Apesar de ficar exausta, ela faz questão de, após o espetáculo, conversar com o público no saguão do teatro Tucarena, em São Paulo. Costuma ser procurada por gente sensibilizada por ter histórico de vício na família. “Em geral, são ­pessoas de idade, que, aliás, formam um público importante de teatro. Tenho a maior paciência nessas conversas, aprendo muito com elas”, conta Ana Lúcia.

O espelhamento com a realidade é experimentado também por Otávio Augusto. Ele diz que, provavelmente, A Tropa segue em cartaz, após passar por oito cidades, por uma involuntária coincidência. O texto de Gustavo Pinheiro, premiado em um concurso do Centro Cultural Banco do Brasil em 2015, mostra o acerto de contas de um ex-militar viúvo e doente com seus quatro filhos, em um quarto de hospital. Apesar de ter sido escrito antes de o governo Bolsonaro tornar-se realidade, traz alguma discussão política.

“Digamos que deu uma atualizada por conta do atual contexto do País. Vem tendo uma repercussão muito grande, inclusive com aplausos em cena aberta”, diz Augusto, sem disfarçar o orgulho. De volta ao Rio, a peça passou de uma para duas apresentações semanais, graças à alta procura.

“Tenho paixão pelo teatro, faço questão de não parar. A peça tinha sido interrompida pela pandemia, e agora estou me sentindo mais artista. Agora valorizo mais do que nunca a oportunidade­ de estar no palco”, diz Otávio, resumindo, de alguma forma, o espírito dos colegas que também voltaram à cena. •


ESTRELA REVISITADA

A Ocupação Tônia Carrero, no Itaú Cultural, mostra a atriz em cena, mas também fora dela
Por Ana Paula Sousa

O grande parceiro. Tônia com Paulo Autran, na peça Esses Maridos, montada em 1957 por Adolfo Celi – Imagem: Acervo Tônia Carrero/Adolfo Celi

Em comemoração ao centenário de nascimento de uma das maiores estrelas brasileiras, o Itaú Cultural, em São Paulo, exibe, desde o sábado 13, a Ocupação Tônia Carrero. A mostra reúne 230 peças, que incluem fotos, trechos de filmes, cartazes de peças e cadernos de anotações.

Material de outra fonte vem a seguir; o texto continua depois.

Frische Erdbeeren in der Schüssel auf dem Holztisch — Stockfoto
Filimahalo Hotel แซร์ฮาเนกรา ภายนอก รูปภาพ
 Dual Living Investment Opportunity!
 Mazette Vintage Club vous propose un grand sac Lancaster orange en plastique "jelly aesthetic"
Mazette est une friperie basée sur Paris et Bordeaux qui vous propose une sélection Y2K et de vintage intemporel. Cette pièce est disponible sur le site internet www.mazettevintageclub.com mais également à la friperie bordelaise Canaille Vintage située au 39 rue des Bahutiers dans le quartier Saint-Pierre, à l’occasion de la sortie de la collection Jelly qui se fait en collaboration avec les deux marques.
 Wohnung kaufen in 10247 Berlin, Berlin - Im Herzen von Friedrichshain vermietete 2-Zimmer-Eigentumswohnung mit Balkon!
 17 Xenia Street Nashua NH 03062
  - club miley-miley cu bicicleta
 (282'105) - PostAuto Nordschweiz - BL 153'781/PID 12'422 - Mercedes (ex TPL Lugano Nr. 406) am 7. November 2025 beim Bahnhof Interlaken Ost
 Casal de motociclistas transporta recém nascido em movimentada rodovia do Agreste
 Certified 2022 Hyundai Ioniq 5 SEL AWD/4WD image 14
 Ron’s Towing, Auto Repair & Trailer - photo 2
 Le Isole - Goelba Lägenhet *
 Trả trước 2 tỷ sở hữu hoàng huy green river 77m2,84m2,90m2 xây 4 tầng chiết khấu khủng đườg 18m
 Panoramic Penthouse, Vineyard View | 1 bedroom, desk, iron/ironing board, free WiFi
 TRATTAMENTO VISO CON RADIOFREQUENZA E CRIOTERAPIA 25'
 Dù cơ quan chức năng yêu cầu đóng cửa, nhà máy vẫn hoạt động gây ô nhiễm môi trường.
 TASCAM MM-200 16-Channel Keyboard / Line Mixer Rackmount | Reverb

A curadoria resgatou, por exemplo, bilhetinhos endereçados a Tônia escritos pelo cronista Rubem Braga e pelo diretor Adolfo Celi, seu segundo marido. Outras figuras marcantes da cultura brasileira que atravessaram sua ­trajetória, como Carlos ­Drummond de Andrade, Bibi Ferreira e Tom Jobim, também surgem no espaço.

Isso sem se falar, é claro, em Paulo Autran, histórico parceiro de palco – ambos dividiram 25 montagens – e amigo de uma vida inteira.

Tônia estreou no cinema com Querida Suzana (1947) e participou de 19 filmes. No teatro, a primeira peça foi Navalha na Carne, em 1967. Na tevê, participou de 15 novelas.

Morta em 2018, aos 95 anos, a atriz ressurge, na mostra, tanto por meio de cenas vistas por muitos quanto por meio de detalhes de sua vida presenciados, até aqui, por quase ninguém.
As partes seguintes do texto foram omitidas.